Ia juga mengingatkan Pemda Kabupaten Jayapura agar membenahi fasilitas umum, seperti aspal jalan raya yang rusak di beberapa tempat di Kota Sentani, pembangunan kantor dari beberapa dinas, yang masih berkantor di rumah pribadi atau kontrak, dan mengurus nasib para pelaku usaha mikro, kecil, dan menengah, sebagai langkah yang lebih berguna untuk rakyat.
Kematian Theys bukan urusan keluarga
Ia juga menambahkan, jangan ada pesan-pesan politik dari proses rencana pemindahan makam Theys ini.
“Pemindahan makam Theys itu harus ikuti kehendak rakyat Papua, karena kematiannya itu bukan urusan keluarga, tapi memperjuangkan kepentingan generasi rakyat Papua, dan membela hak-hak dasar orang asli Papua,” tegasnya.
Dia meminta Pemkab Jayapura membuka ruang demokrasi dan menerima kritik dan masukan dari berbagai pihak. “Pjs Bupati Kabupaten Jayapura jangan otoriter dalam rencana pemindahan makam Theys, harus dibuka ruang demokrasi, harus dengar pendapat dan persetujuan dari kehendak kolektif masyarakat adat Papua, termasuk keluarga dan anak-anak genealogisnya Dortheys Hiyo Eluay,” ujarnya.

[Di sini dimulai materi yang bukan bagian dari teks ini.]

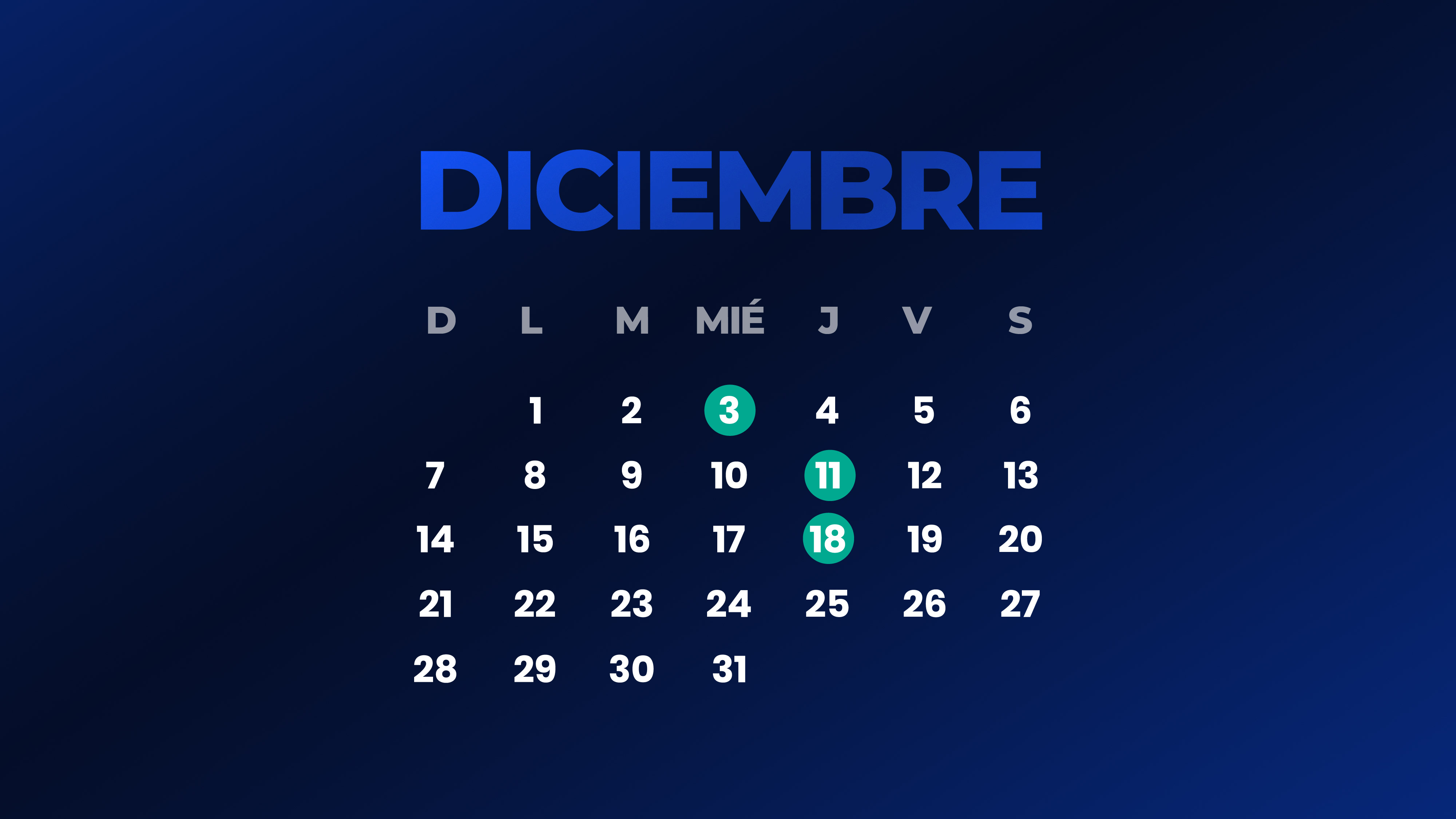 Diciembre 2025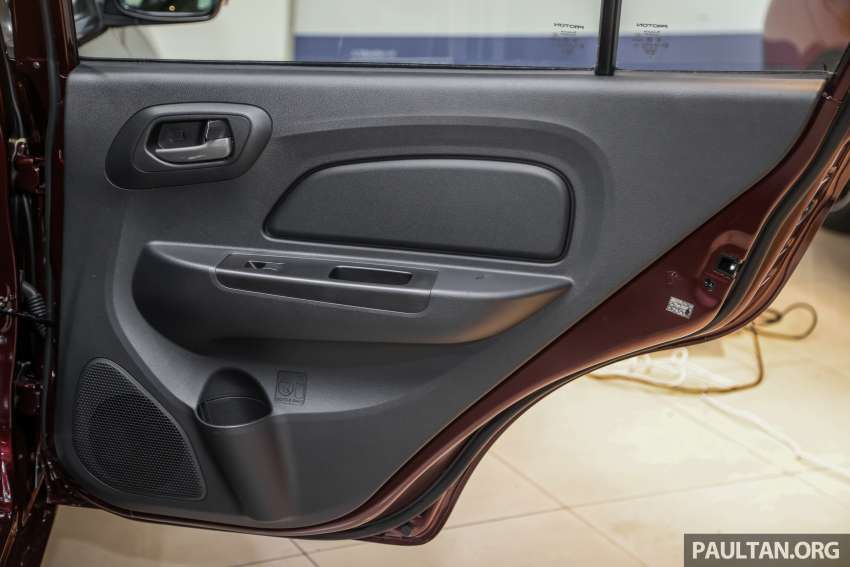 Proton Saga MC2 2022 dilancarkan – empat varian, ESC turut diberikan untuk Standard AT; dari RM34k 1453660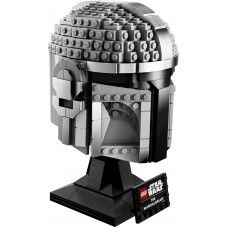 Конструктор Lego Star Wars: The Mandalorian Helmet (75328)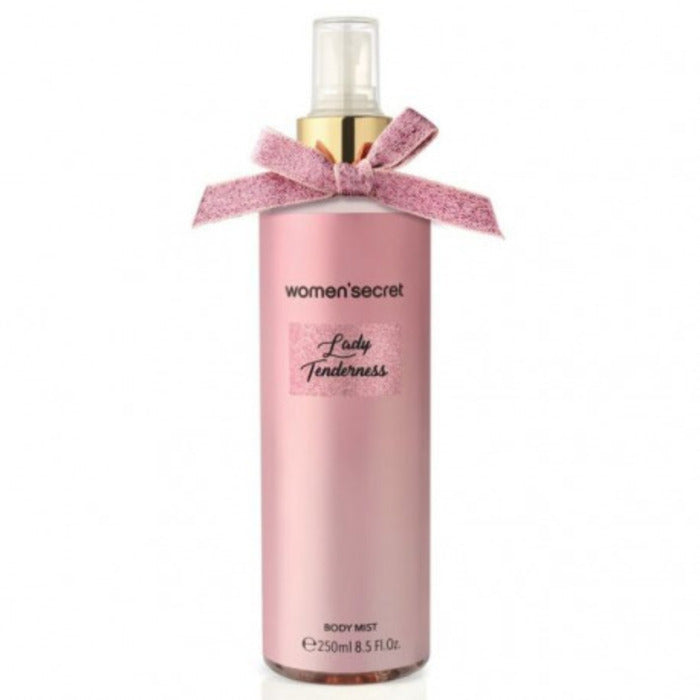Womens'secret Lady Tenderness Body Spray 250ml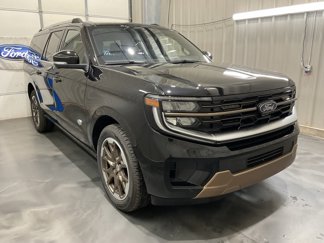 Used 2025 Ford Expedition Max King Ranch image 1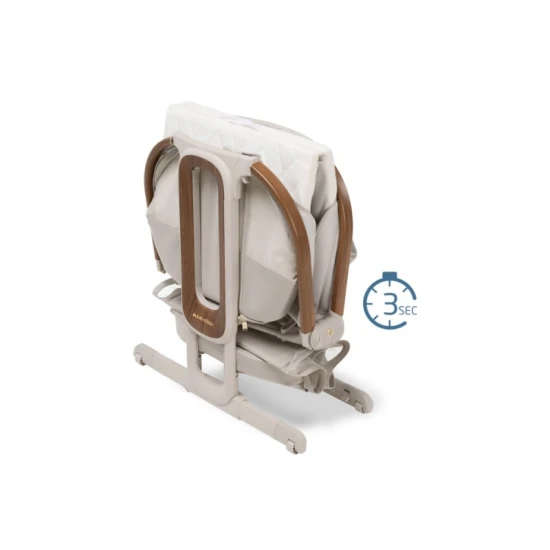 Maxi-Cosi Iora Pro postýlka Elegance Beige – 2027159110MC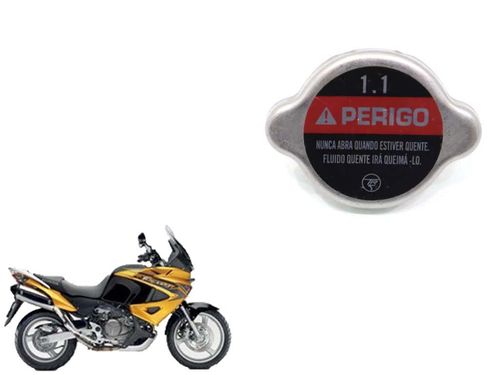 Tampa Radiador Honda Varadero Xl 1000v 07-09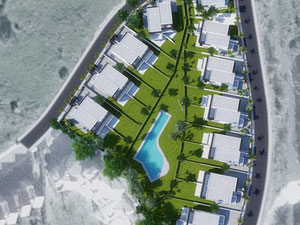 公寓 4 间卧室 200 平方米，位于西班牙新黄金地带 — 来自开发商和业主的房地产搜索引擎 GEOLN.COM. 照片 19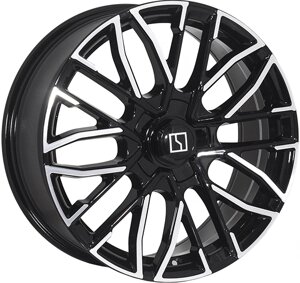 Литі диски Zorat Wheels JH-H3166F 8x19 5x108 ET40 dia63,4 (MB) ( кт ) — Оплата Частинами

Syufie mengingatkan, Dortheys Hiyo Eluay adalah martir demokrasi Papua, salah satu bukti dimana gagalnya demokrasi di Negara Kesatuan Republik Indonesia. Theys bukan mati karena sakit atau kecelakaan alamiah, tapi karena dibunuh oleh negara melalui Kopassus, atas aktivitas politik yang diekspresikan secara damai oleh Theys.

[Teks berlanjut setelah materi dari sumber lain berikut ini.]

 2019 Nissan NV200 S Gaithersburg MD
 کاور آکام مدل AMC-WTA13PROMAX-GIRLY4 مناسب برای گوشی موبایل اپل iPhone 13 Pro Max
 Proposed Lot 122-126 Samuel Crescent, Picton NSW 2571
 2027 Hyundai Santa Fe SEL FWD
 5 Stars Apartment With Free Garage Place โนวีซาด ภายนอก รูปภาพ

“Seharusnya Pemda Jayapura membantu agar kasus kematian Theys diungkap secara terang benderang, bukan malah memindahkan makam,” ujarnya.
Makam Theys, lanjutnya, menjadi salah satu dari ratusan ribu memoria passionis atau ingatan penderitaan kolektif atas ketidakadilan dan kekerasan terhadap rakyat Papua.
“Masa orang Papua dilarang untuk mengingat atau mengenang, segala rasa sakit dan penderitaan mereka, termasuk tokoh besar seperti Theys yang berjuang secara damai,” ujarnya.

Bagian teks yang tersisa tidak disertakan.